Conventional data integration is no longer relevant for real-time connectivity, self-service, automation, and organisation-wide digital transformations. Today, many organisations are able to collect data from various sources, but they are unable to collate, integrate, process, curate, and transform data. This has now become absolutely essential to deliver a holistic view of the business. Enter Data Fabrics.

Data Fabrics are a relatively new phenomenon. Originating from data management, they tie into storage, platform integration, and other areas. They provide a data architecture framework that makes data management more agile in a complex, diverse, and distributed environment.

What is Data Fabric?

A Data Fabric is a fusion of data architecture and technology that reduces the complexity of managing diverse types of data. It is deployed across multiple platforms and locations, and it uses multiple database management systems. A data fabric aims to provide a consistent and consolidated user experience and access to real time data.

Gartner defines data fabric as – ‘A design concept that serves as an integrated layer (fabric) of data and connecting processes. A data fabric utilizes continuous analytics over existing, discoverable, and inferenced metadata assets to support the design, deployment, and utilization of integrated and reusable data across all environments, including hybrid and multi-cloud platforms.’

Data Fabric collects and analyses all forms of metadata. Contextual information is the pillar of a Data Fabric architecture. There needs to be a well-connected pool of metadata that allows the Data Fabric to identify, connect, and analyse all kinds of metadata including business, operational, digital, and social.

What does Data Fabric do?

Data Fabric technology provides centralized access to data and connects computing resources. Data fabric has evolved into being the most significant architecture, which encompasses IT services capabilities that provide frictionless, real-time integration, and access across the diversified data silos of a big data system for large organisations having huge and varied data sources. To put it simply – Data Fabric enables the organization to put to better use the data that it has.

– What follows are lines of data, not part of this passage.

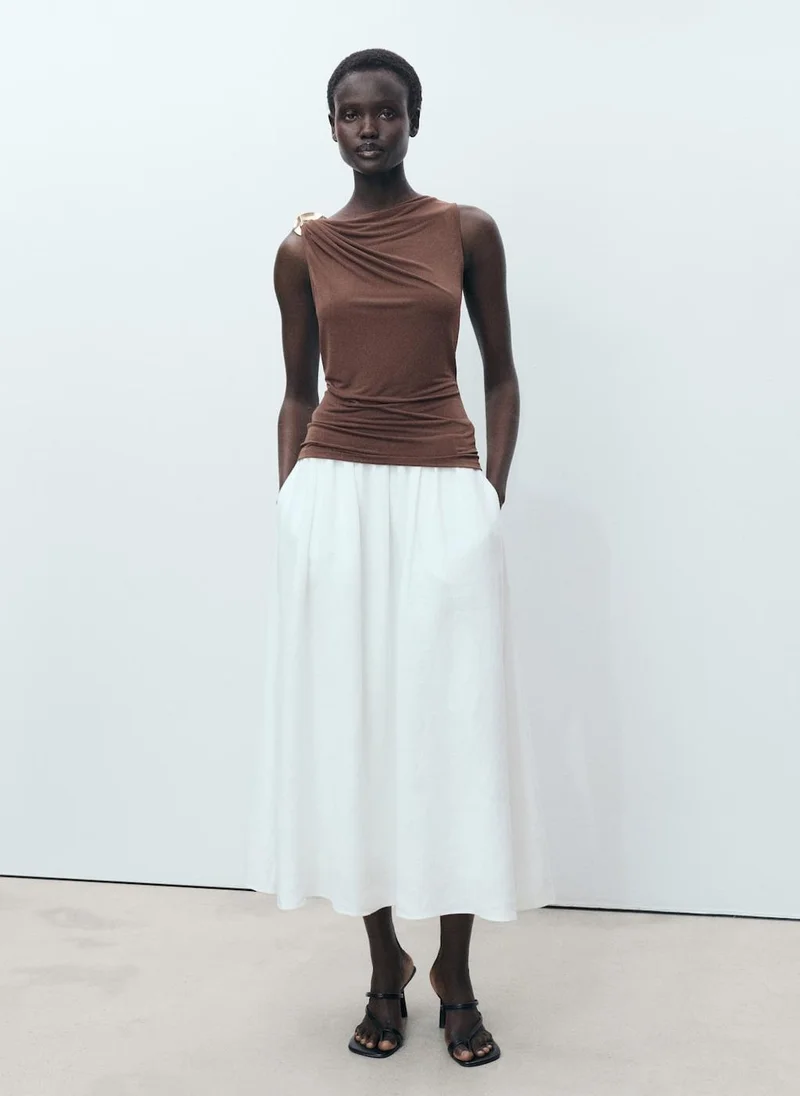 MANGO Fitted With Metallic Detail Top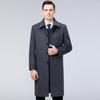 Men's Winter Cashmere Coat, Velvet-Lined, Knee-Length, Warm Woolen Trench for Middle-Aged and Elderly, Dad-Style Outerwear.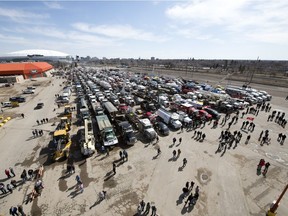 Hundreds of vehicles that took part in the Regina Rally Against The Carbon Tax gather at Evraz Place.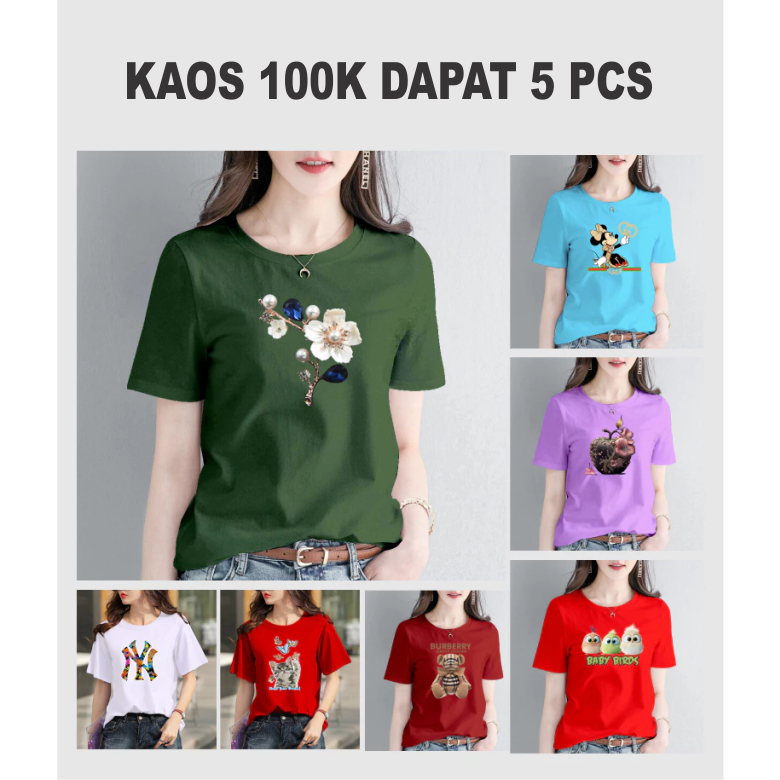 KATUN 100 พันได้ 5 ชิ้น เสื้อยืดผู้หญิงมีส่วนร่วมต่างๆ แขนสั้น Slim-fitting วัสดุผ้าฝ้าย 30s pe เหมา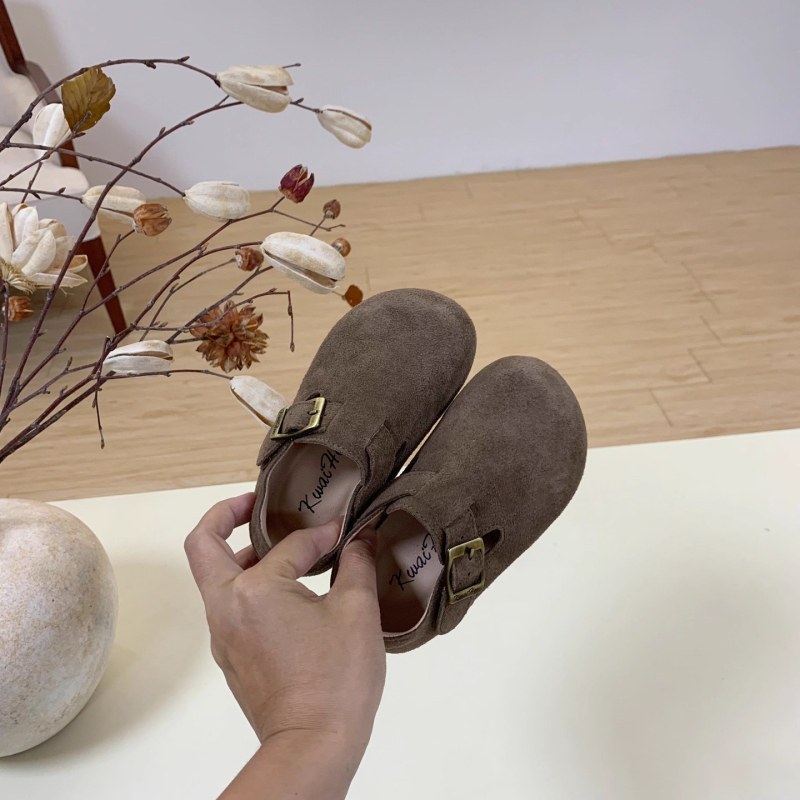 Pantofi loafers din piele naturală, în stil Birkenstock pentru copii, închidere Velcro, partea superioară nubuk, talpă din cauciuc antiderapant, unisex, primăvară–toamnă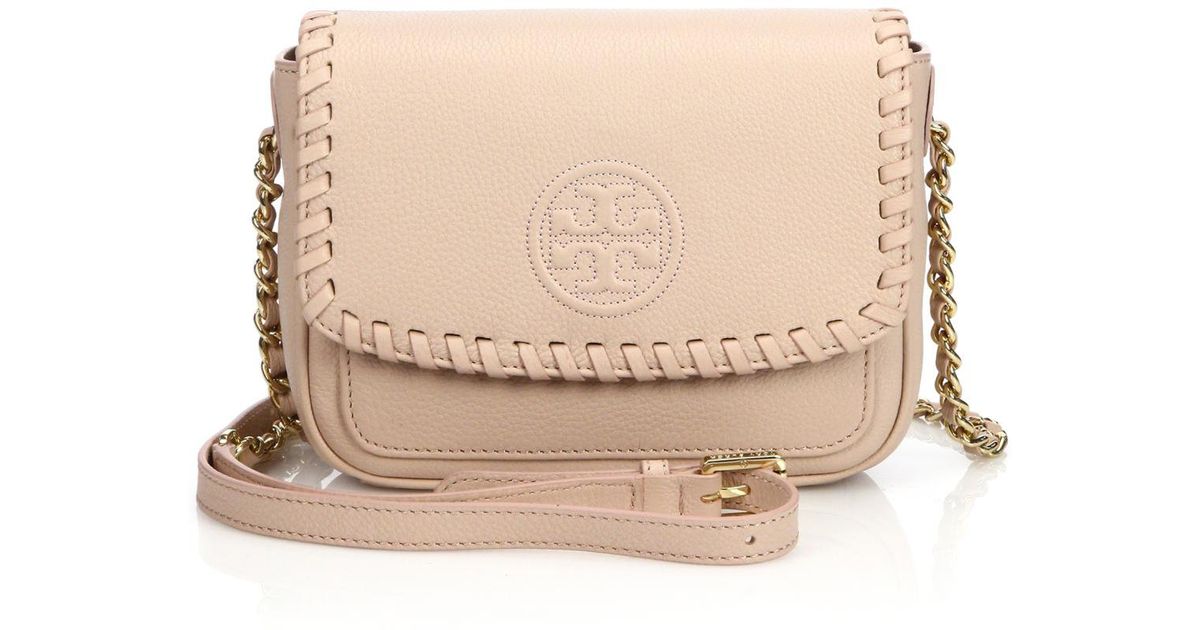 TORY BURCH Leather Frances CROSSBODY Purse Bag In Pink Pebbled Leather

It facilitates self-service of data consumption and automates the data integration process. All of this leads to more organized and real time insights.

Data Fabric enables integration of data from everywhere using whatever style that is necessary -bulk/batch data movement, data replication/synchronization, message-oriented data movement, data virtualisation, stream data integration, etc. 

Modern technologies like semantic knowledge graphs, active metadata management and embedded ML are also essential to realise the true potential of Data Fabric. We can’t have all of it in place at the beginning but the thought process to include them must be there from the beginning.

How does Data Fabric help?

  1. Users gain a real-time 360-degree view of business
  2. It lowers the cost of owning, operating, and scaling legacy systems
  3. Reduces data inconsistencies by utilising the best and most accurate source of data
  4. Reduces the time required to generate business insights
  5. It future-proofs infrastructure by allowing new deployments and integrations without affecting legacy systems

“Major auto manufacturers are developing autonomous vehicles faster and more efficiently through their ability to manage, store, and move global test data.” Says Ted Dunning, Chief Technologist for Data Fabric, Hewlett Packard Enterprise.

The main objective of creating a Data Fabric is not new. It is to simply state – the ability to deliver the right data at the right time, in the right shape, and to the right decisionmaker, irrespective of how and where it is stored. In an increasingly complex and dynamic business world, this is potentially a huge competitive advantage.